Two aspects of Resident Evil 7 work together to produce the marvellous atmosphere on offer, the first of those being the audio. We played with headphones on, and the sound quality was excellent. For the most part the game is eerily quiet and what works well here is that you can hear your own footsteps shuffling and creaking on the floor, however, this can often deceive you into thinking you're hearing someone else. Hearing small, subtle noises around you works very well to make the player constantly feel on edge.
The other thing that works well is the lighting, as there is very little light throughout, but what is there produces plenty of shadows. In the main hall we mentioned earlier, for example, there is a light behind a spinning fan, and several times we started at the sight of the fan's shadow; that's how on-edge we were. Light sometimes cuts out on you as well, which left us covering our face in case something jumped out suddenly.

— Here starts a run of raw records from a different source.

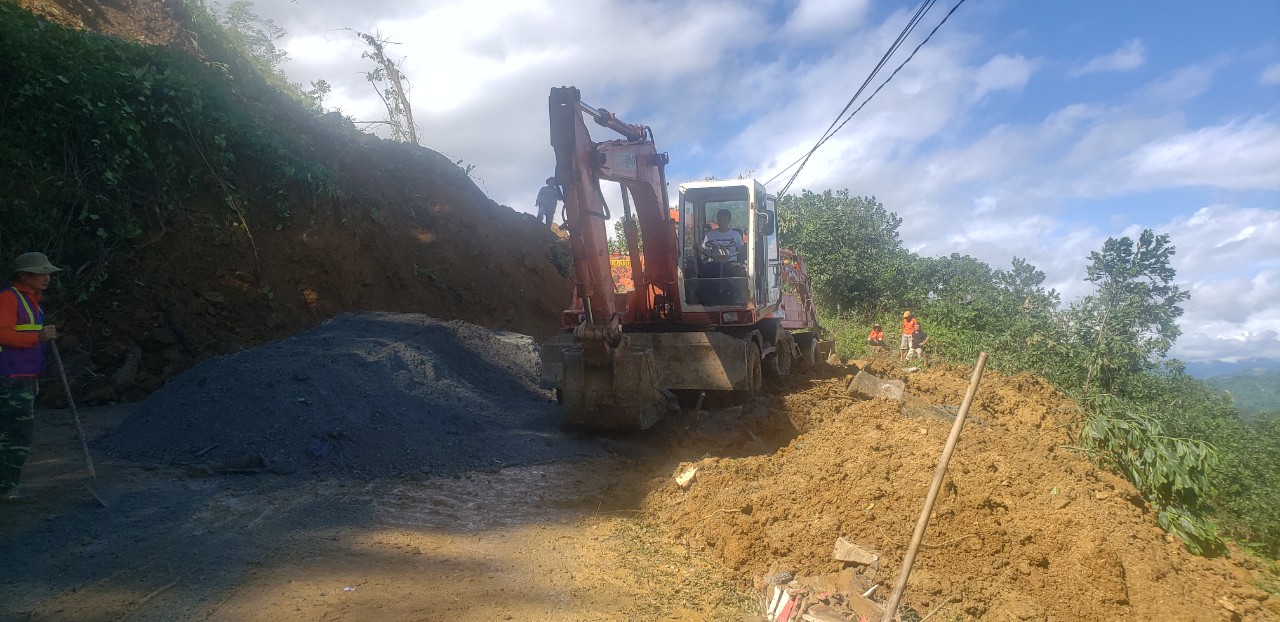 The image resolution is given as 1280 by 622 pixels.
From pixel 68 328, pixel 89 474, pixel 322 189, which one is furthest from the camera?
pixel 322 189

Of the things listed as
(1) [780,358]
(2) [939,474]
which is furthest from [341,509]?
(1) [780,358]

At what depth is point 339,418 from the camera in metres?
7.16

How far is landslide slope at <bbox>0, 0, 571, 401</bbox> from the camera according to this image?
9.77m

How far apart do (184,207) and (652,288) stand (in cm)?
797

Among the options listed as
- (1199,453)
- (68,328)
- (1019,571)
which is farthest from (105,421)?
(1199,453)

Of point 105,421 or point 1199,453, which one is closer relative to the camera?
point 1199,453

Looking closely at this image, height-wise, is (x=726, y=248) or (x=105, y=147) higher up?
(x=105, y=147)

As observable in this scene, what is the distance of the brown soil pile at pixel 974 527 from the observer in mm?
4105

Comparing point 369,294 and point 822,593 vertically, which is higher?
point 369,294

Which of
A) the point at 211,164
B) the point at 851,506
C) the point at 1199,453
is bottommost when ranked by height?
the point at 851,506

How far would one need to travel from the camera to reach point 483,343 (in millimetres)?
11922

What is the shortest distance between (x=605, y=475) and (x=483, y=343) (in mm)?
5794

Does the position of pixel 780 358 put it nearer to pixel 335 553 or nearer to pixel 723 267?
pixel 723 267

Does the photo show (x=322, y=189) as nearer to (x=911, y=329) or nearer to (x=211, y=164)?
(x=211, y=164) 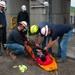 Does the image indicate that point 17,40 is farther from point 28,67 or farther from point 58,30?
point 58,30

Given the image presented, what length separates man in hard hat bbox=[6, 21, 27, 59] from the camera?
804 centimetres

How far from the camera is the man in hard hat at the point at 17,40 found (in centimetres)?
804

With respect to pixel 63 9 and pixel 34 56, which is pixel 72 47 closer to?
pixel 34 56

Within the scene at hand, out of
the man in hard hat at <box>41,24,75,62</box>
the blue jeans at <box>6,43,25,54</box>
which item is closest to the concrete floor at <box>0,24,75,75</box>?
the blue jeans at <box>6,43,25,54</box>

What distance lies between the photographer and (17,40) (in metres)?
8.15

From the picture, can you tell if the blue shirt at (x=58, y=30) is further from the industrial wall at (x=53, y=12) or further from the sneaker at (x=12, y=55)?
the industrial wall at (x=53, y=12)

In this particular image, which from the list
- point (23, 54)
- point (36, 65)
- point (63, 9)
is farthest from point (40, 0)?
point (36, 65)

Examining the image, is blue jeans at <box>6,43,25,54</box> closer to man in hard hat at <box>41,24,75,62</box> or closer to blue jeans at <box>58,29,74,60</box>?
man in hard hat at <box>41,24,75,62</box>

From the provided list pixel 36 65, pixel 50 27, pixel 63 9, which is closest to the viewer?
pixel 36 65

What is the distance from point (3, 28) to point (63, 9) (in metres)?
8.16

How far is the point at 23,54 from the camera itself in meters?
8.52

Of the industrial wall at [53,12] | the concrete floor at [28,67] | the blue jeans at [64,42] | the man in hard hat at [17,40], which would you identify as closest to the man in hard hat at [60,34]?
the blue jeans at [64,42]

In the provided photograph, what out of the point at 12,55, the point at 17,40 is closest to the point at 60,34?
the point at 17,40

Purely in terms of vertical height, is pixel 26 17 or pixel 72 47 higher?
pixel 26 17
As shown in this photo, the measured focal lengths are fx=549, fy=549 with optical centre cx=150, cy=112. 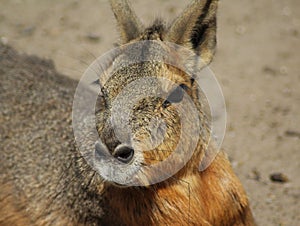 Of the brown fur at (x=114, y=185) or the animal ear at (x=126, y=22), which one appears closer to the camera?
the brown fur at (x=114, y=185)

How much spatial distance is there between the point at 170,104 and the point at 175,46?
0.47 metres

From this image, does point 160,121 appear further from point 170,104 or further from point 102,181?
point 102,181

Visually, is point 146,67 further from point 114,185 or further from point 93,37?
point 93,37

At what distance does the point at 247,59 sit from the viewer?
281 inches

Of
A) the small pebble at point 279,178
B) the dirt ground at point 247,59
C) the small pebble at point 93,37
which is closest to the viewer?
the small pebble at point 279,178

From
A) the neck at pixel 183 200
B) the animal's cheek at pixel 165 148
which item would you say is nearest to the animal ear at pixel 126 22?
the animal's cheek at pixel 165 148

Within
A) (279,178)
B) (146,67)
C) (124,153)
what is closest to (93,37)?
(279,178)

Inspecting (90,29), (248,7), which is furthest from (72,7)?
(248,7)

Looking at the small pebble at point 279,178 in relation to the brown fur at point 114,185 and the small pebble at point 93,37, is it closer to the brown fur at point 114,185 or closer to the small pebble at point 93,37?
the brown fur at point 114,185

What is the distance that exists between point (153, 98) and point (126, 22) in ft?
2.45

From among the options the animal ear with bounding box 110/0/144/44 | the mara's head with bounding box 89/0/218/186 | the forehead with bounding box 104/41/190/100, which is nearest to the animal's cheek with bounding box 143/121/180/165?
the mara's head with bounding box 89/0/218/186

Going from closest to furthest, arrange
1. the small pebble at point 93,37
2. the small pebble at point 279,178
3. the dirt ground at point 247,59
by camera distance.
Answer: the small pebble at point 279,178 → the dirt ground at point 247,59 → the small pebble at point 93,37

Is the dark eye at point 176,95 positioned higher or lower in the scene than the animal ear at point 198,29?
lower

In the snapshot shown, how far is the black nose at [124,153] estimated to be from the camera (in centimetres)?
290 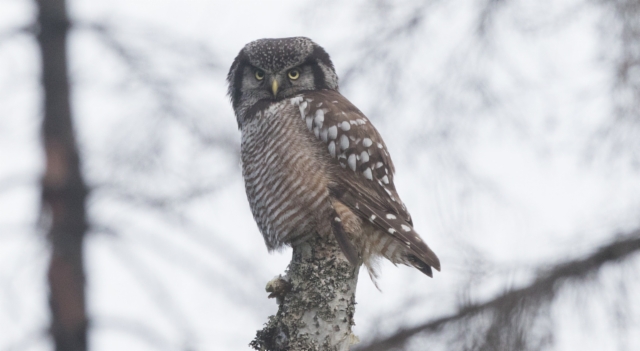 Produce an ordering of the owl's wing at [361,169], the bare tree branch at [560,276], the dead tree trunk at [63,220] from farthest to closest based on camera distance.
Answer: the dead tree trunk at [63,220] → the owl's wing at [361,169] → the bare tree branch at [560,276]

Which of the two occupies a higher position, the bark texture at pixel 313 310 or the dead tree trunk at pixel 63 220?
the dead tree trunk at pixel 63 220

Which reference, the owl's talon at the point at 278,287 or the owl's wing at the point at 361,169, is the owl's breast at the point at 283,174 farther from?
the owl's talon at the point at 278,287

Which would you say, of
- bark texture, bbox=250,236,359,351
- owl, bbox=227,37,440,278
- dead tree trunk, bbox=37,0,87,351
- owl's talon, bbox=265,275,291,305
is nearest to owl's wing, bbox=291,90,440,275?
owl, bbox=227,37,440,278

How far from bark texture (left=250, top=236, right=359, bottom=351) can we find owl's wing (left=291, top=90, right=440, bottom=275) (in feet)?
1.21

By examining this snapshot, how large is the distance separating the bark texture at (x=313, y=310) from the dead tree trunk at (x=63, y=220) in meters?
2.04

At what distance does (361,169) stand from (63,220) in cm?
210

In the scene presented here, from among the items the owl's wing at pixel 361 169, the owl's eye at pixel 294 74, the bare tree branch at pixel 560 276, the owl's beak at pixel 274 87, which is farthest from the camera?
the owl's eye at pixel 294 74

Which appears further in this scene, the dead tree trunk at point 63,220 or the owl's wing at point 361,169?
the dead tree trunk at point 63,220

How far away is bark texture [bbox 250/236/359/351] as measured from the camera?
310 cm

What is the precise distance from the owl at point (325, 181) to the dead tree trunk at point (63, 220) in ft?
4.57

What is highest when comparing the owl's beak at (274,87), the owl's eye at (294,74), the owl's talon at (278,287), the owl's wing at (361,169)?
the owl's eye at (294,74)

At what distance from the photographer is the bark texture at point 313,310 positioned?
3104mm

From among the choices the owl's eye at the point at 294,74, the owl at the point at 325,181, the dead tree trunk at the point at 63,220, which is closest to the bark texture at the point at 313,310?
the owl at the point at 325,181

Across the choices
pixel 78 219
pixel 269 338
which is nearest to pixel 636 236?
pixel 269 338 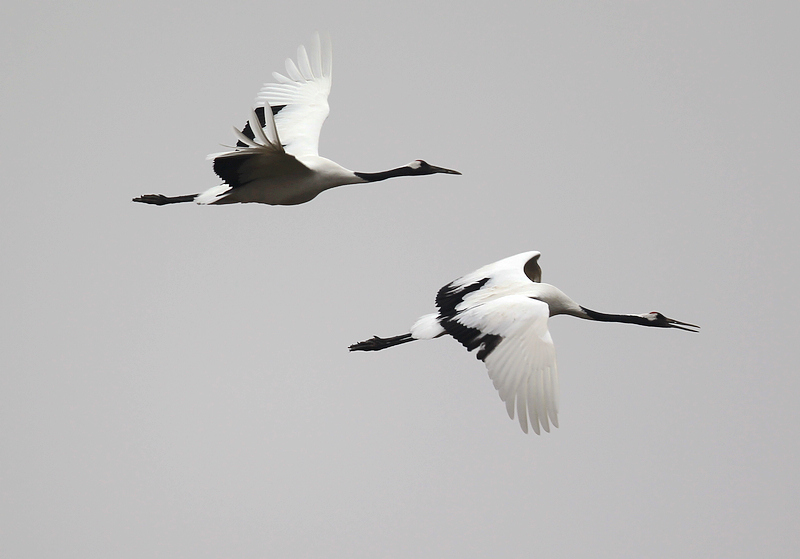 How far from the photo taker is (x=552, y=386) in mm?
8008

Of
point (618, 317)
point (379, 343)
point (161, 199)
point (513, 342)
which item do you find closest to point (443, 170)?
point (379, 343)

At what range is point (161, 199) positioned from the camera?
10586 mm

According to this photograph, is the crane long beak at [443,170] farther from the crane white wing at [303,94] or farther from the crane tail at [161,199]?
the crane tail at [161,199]

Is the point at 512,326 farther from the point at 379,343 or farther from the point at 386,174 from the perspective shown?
the point at 386,174

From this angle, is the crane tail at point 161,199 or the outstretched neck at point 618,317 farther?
the crane tail at point 161,199

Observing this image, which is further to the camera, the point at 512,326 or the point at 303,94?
the point at 303,94

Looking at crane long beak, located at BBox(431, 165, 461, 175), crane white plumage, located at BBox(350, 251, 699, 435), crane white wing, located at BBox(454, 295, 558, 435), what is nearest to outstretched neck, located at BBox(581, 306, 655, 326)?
crane white plumage, located at BBox(350, 251, 699, 435)

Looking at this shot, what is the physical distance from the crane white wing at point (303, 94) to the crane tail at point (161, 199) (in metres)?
1.22

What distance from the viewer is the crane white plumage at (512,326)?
7.98 m

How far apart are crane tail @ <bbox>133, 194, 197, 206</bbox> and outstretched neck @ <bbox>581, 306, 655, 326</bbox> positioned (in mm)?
3652

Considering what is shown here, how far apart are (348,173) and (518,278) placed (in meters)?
1.80

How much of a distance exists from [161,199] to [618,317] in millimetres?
4275

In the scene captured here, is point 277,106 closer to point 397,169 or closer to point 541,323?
point 397,169

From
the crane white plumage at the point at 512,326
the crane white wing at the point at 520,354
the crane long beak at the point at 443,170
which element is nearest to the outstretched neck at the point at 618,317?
the crane white plumage at the point at 512,326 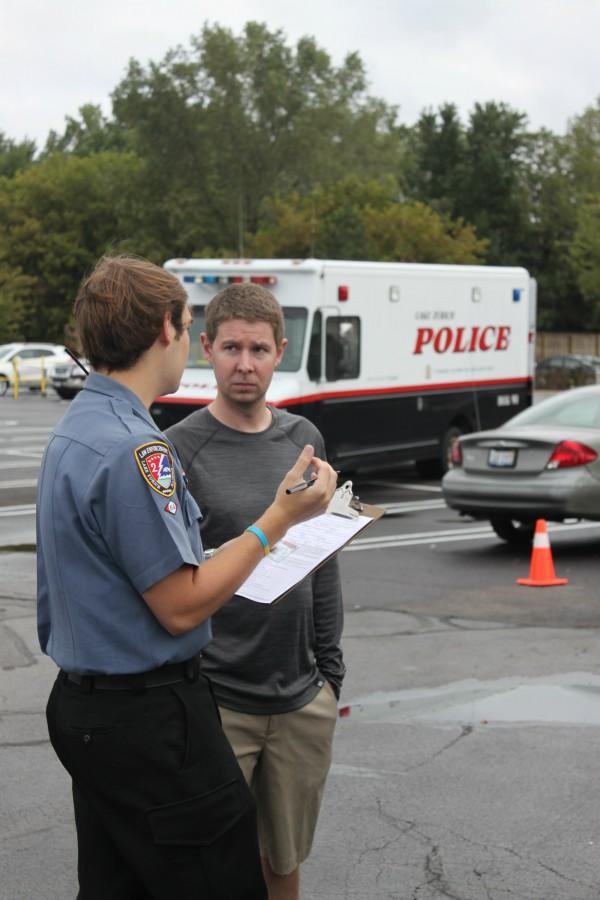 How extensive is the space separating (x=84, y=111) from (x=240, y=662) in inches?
4714

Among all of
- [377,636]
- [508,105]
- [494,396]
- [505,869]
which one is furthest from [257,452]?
[508,105]

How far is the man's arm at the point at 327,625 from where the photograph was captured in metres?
3.91

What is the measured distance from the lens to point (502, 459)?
12.8 m

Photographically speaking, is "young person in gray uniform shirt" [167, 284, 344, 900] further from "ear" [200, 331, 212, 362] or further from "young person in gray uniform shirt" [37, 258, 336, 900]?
"young person in gray uniform shirt" [37, 258, 336, 900]

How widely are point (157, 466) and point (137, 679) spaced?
426 millimetres

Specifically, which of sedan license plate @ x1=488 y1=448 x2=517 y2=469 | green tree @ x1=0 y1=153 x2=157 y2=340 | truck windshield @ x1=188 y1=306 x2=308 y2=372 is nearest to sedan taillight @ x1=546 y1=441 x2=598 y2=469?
sedan license plate @ x1=488 y1=448 x2=517 y2=469

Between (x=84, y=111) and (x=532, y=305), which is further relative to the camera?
(x=84, y=111)

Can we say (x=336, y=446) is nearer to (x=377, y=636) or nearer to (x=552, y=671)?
(x=377, y=636)

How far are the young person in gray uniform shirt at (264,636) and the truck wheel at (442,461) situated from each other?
1509cm

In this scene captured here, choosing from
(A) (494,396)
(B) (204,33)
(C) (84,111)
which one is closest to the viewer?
(A) (494,396)

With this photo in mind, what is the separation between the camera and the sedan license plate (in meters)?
12.8

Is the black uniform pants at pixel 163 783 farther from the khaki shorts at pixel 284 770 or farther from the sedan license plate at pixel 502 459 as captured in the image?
the sedan license plate at pixel 502 459

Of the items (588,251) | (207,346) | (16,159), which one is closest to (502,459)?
(207,346)

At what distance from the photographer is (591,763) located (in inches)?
242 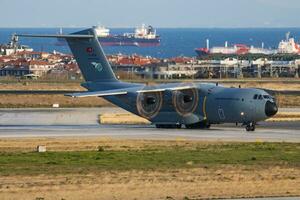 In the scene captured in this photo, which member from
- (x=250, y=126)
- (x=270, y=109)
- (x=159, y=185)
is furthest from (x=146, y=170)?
(x=250, y=126)

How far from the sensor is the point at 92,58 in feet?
181

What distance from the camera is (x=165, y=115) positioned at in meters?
52.2

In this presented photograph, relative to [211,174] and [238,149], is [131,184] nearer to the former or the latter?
[211,174]

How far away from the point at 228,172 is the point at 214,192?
13.8 ft

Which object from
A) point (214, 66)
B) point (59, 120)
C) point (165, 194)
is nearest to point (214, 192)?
point (165, 194)

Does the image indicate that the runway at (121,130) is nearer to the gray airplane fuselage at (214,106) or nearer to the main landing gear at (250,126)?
the main landing gear at (250,126)

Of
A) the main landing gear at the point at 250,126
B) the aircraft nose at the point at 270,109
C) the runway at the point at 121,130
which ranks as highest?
the aircraft nose at the point at 270,109

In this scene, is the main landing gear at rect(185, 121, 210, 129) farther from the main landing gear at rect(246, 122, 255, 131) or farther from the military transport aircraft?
the main landing gear at rect(246, 122, 255, 131)

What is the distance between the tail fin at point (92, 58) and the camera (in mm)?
54906

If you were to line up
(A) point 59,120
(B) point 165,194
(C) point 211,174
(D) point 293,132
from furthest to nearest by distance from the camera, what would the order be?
(A) point 59,120
(D) point 293,132
(C) point 211,174
(B) point 165,194

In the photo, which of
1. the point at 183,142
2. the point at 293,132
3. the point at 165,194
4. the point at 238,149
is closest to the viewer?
the point at 165,194

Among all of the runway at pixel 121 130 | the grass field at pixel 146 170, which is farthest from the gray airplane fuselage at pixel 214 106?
the grass field at pixel 146 170

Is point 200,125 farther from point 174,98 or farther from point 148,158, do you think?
point 148,158

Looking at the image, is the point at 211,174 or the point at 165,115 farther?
the point at 165,115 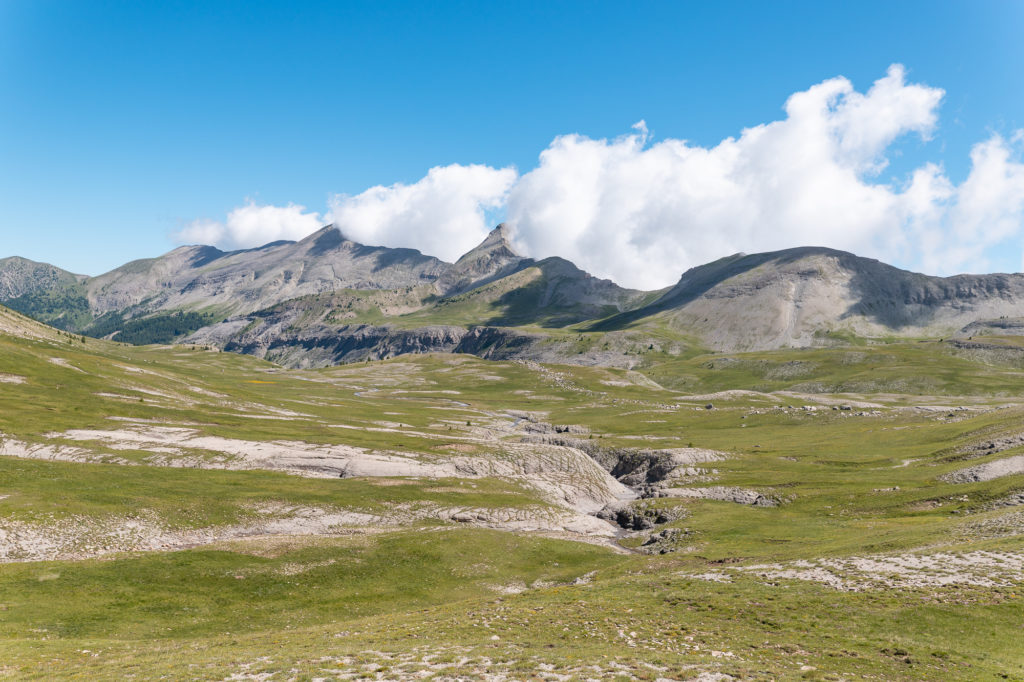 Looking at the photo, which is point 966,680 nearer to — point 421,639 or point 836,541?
point 421,639

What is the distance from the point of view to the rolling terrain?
26.4m

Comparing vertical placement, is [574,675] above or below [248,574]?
above

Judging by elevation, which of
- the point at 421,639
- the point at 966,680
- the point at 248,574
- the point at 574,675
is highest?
the point at 966,680

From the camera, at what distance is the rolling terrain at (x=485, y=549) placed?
2641 centimetres

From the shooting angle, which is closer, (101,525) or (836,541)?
(836,541)

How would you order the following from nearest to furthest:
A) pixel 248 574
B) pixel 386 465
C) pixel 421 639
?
1. pixel 421 639
2. pixel 248 574
3. pixel 386 465

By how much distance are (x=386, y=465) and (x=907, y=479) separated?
74889mm

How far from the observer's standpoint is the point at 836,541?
158 feet

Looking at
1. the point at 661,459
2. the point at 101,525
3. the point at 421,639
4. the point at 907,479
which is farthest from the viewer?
the point at 661,459

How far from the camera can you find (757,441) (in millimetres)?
118312

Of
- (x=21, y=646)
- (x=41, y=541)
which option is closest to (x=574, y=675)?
(x=21, y=646)

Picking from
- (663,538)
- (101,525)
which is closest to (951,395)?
(663,538)

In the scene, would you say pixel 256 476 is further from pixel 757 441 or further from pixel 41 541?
pixel 757 441

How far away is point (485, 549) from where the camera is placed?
55281 millimetres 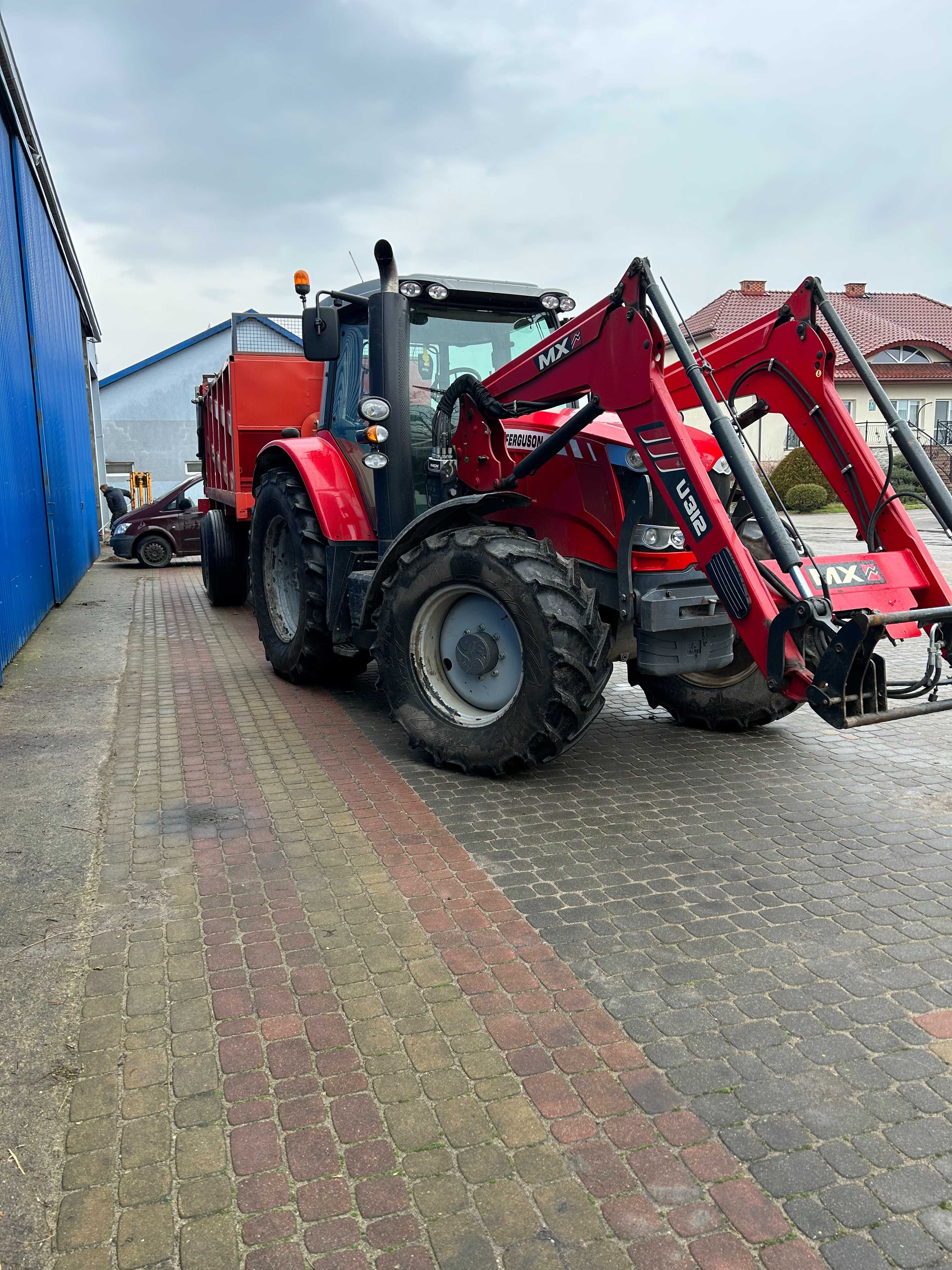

We can't discuss a lot of the narrative details, but what we will say is that found footage is used to great effect. As those who played the demo know, not only does it play on this cinematic sub-genre, but the player also gets to play as the person behind the camera. What's even cooler is that this isn't just to be spooky, but actually serves a useful purpose, as locations you see in videos are accessible later on when you return to playing as the protagonist, meaning there's a neat interaction between what you see in the tape and what you see outside of it.
Another thing we can comment on regarding the narrative is that the few details we saw were good, and they provided an intriguing story involving the Baker family, and we're looking forward to seeing how its mysteries unfold when the full game releases January 24. By the end of the section given to us we had to tear ourselves away as we'd uncovered lots of interesting information, and we wanted to see where it led.
It wasn't just the narrative that made us reluctant to leave Resident Evil 7: Biohazard. We greatly enjoyed the fresh feel that this game has brought to the series, however, we equally enjoyed the small touches that made it feel like it was still a Resident Evil game. This is the breath of fresh air that the series needed, and everything from the movement to the combat, not to mention the atmosphere, works together to produce a very spooky experience, one that we're looking forward to seeing more of next month.